Surely paying off the national debt, which this year has reached the astronomical figure of over $14 trillion, and is growing at a rate of $4.13 billion per day, will be a critical issue for many decades ahead. But contrary to what David Brooks states in his February 11 New York Times op-ed piece, "The Freedom Alliance," Social Security does not contribute to our national debt. Much the opposite. It has reduced national debt and will continue to do so until the $2.6 trillionis depleted.
How can Social Security, which pays out billions to recipients each year, possibly reduce debt? That sounds counter intuitive and just too good to be true. But in this case it is true.
Social Security is a pay-as-you-go program. It is funded by a dedicated payroll tax paid by individual workers and employers. Since the inception of Social Security, revenues have exceeded payouts to retirees. When initiated in 1935 (first recipients started collecting monthly benefits in 1940) there were more than forty workers for each recipient. Because of that ratio, up-until 2010 Social Security revenues from the Social Security payroll tax have far exceeded payouts.
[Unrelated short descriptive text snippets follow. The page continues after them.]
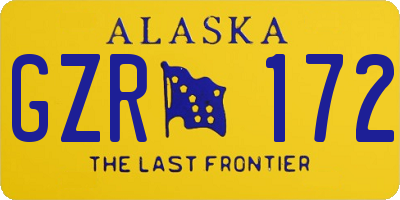 AK license plate GZR172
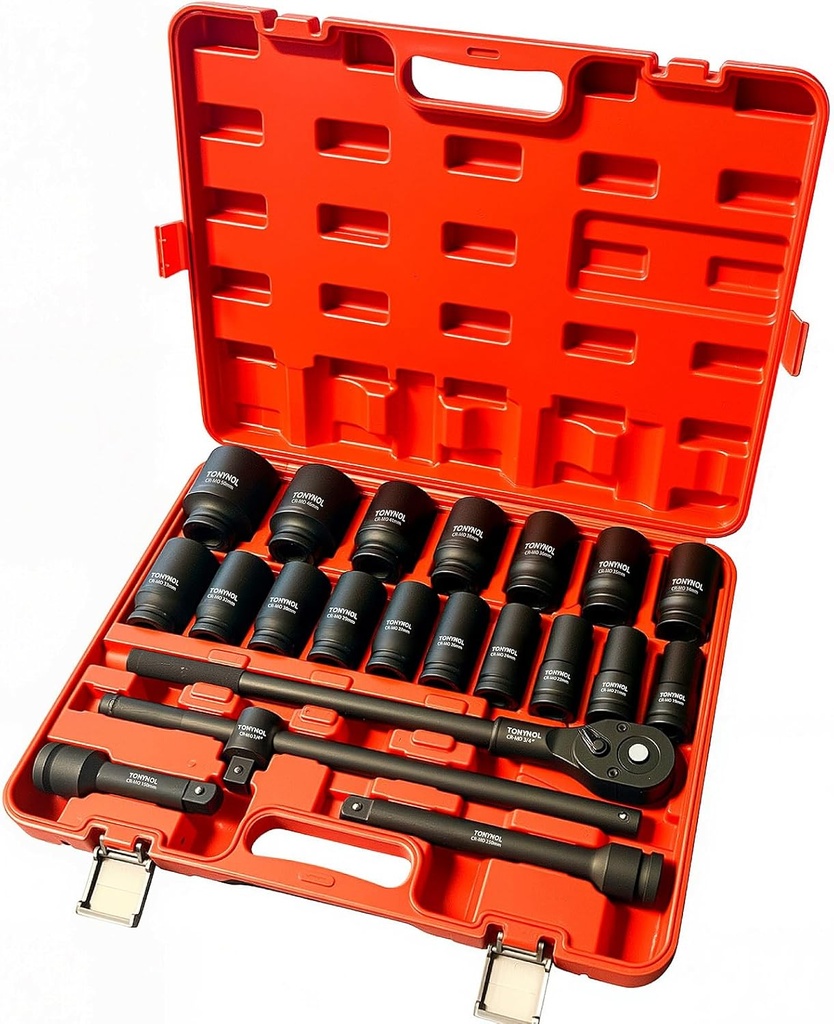 3/4 Inch Drive Deep Impact Socket Set, 21 Pieces, 6 Point, Metric Sizes (19mm to 50mm) with Adapters and Quick Release Ratchet Wrench, Heavy-Duty Cr-Mo Steel, Storage Case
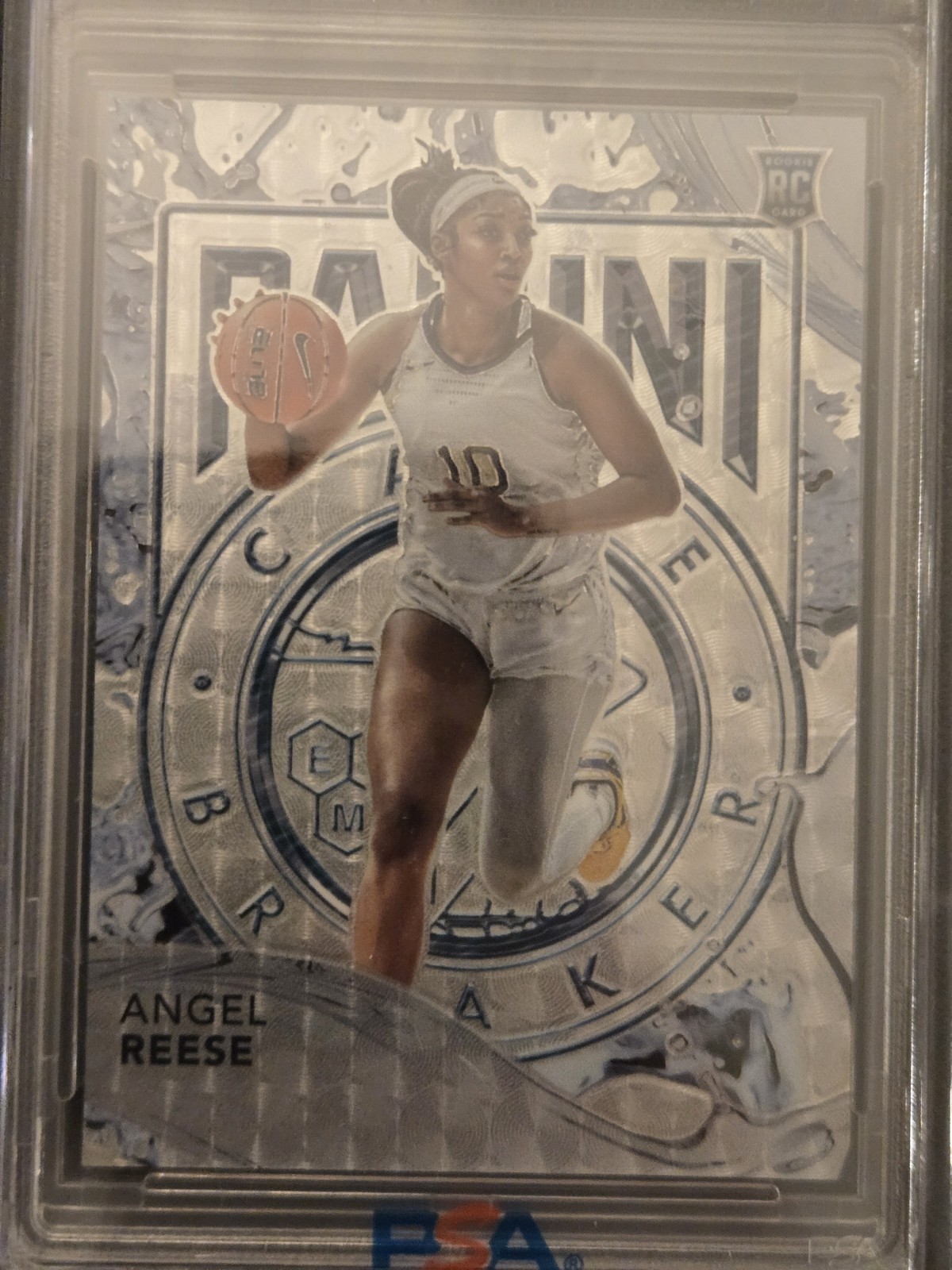 2024 National NSCC Case Breaker Angel Reese RC Silver Vinyl /10 Insert PSA 8 view 4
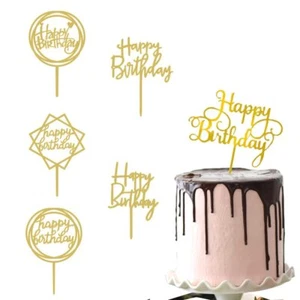 6 piezas de adornos dorados para tartas de feliz cumpleaños - Picture 1 of 4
For example, even as recently as 2009 when we were down to less than four workers per recipient, $507.6 billion was paid out to Social Security recipients versus Social Security Income of $753.4 billion.
The surplus funds went into the Social Security Trust Fund. But our growing elderly population along with the current high unemployment rate has resulted in an estimated $29 billion to $41 billion shortfall this past year. A shortfall wasn't supposed to happen until 2017. However, the shortfall will not add to our national debt. It will be covered by the Trust Fund. If shortfalls continue (which could change if unemployment is reduced), the Congressional Budget Office estimates that the Trust Fund will continue to cover shortfalls until about the year 2037-- and will not add anything to the national debt. According to Pulizer Prize-winning financial journalist Michael Hiltzik writing in the Los Angeles Times, the alleged current shortfall is bogus, based on creative accounting: "... this supposed $41-billion 'shortfall'... exists only if you decide not to count interest due of about $118 billion." But even after the Trust Fund runs out, the Social Security payroll tax will cover seventy-five percent of promised payments to recipients.
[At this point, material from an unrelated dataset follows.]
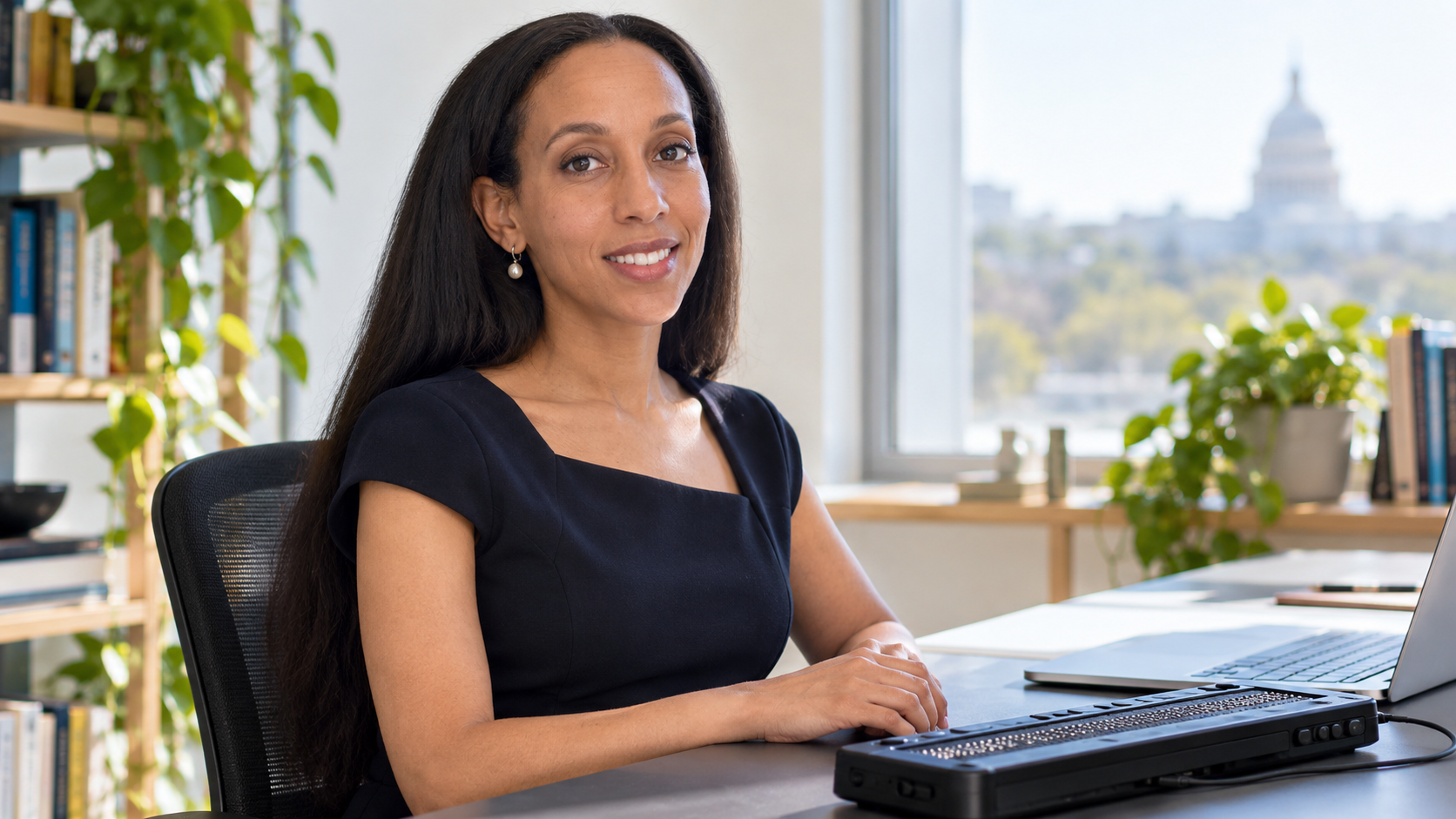 Haben Girma in an accessible technology workspace with a refreshable braille display nearby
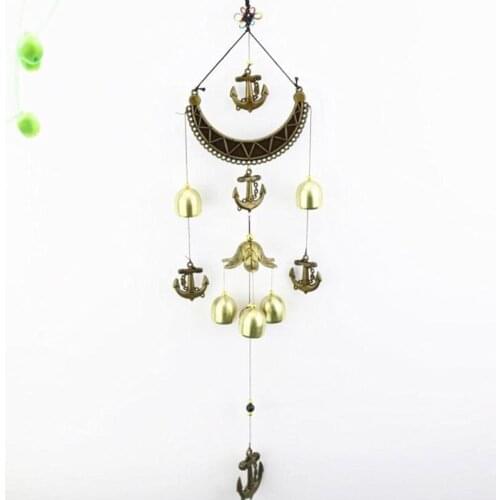 Crescent-shaped Creative Exquisite Sailboat Church Wind Chimes with Copper Bell Outdoor Clocks Hanging Garden Yard Decoration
Okay, so Social Security isn't increasing our national debt. But how is it reducing it?
The government has borrowed the Trust Fund assets ($2.6 trillion) to run government operations at an artificially set low interest rate, which in effect has reduced the national debt and will continue to do so until the Trust Fund runs out. If the government had to borrow $2.6 trillion by entering the competitive financial marketplace interest rates would be forced up, thereby increasing the national debt.
Mr. Brooks' finger pointing at Social Security for increasing national debt is nothing short of senior bashing. It has no factual foundation and is, in these hard times, part of "rounding up the usual suspects" rather than acknowledging the real culprits: Our war follies and other reckless actions in giveaways to corporations and the rich.